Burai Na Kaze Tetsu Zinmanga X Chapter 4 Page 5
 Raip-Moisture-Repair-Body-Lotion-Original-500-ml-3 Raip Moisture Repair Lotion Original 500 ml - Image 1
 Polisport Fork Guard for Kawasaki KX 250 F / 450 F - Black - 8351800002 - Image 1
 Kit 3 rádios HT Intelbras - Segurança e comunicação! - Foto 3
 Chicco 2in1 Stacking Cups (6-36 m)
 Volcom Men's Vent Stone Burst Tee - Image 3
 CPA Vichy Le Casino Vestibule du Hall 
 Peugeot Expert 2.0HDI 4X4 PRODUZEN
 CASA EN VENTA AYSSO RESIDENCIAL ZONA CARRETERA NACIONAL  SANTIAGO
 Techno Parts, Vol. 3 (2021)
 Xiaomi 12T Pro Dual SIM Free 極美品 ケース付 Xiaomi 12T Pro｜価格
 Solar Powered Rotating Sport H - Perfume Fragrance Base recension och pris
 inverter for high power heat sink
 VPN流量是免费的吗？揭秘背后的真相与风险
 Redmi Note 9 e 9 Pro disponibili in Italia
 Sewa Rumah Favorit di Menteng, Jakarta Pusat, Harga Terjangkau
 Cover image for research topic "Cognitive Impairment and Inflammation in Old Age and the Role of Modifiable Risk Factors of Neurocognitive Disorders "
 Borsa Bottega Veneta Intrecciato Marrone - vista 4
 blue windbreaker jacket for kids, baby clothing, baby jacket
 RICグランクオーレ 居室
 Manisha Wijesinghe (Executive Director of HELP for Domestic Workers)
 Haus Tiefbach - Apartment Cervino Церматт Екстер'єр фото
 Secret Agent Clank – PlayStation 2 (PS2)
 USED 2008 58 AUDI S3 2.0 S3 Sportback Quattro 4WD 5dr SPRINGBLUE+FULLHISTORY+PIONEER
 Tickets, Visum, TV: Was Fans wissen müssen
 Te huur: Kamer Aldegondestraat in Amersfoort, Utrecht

Problem requirements:
Starting from the line that contains "Manisha Wijesinghe (Executive", give again every line to the last line of the data, exactly. Include nothing else.

Finished exercise:
 Manisha Wijesinghe (Executive Director of HELP for Domestic Workers)
 Haus Tiefbach - Apartment Cervino Церматт Екстер'єр фото
 Secret Agent Clank – PlayStation 2 (PS2)
 USED 2008 58 AUDI S3 2.0 S3 Sportback Quattro 4WD 5dr SPRINGBLUE+FULLHISTORY+PIONEER
 Tickets, Visum, TV: Was Fans wissen müssen
 Te huur: Kamer Aldegondestraat in Amersfoort, Utrecht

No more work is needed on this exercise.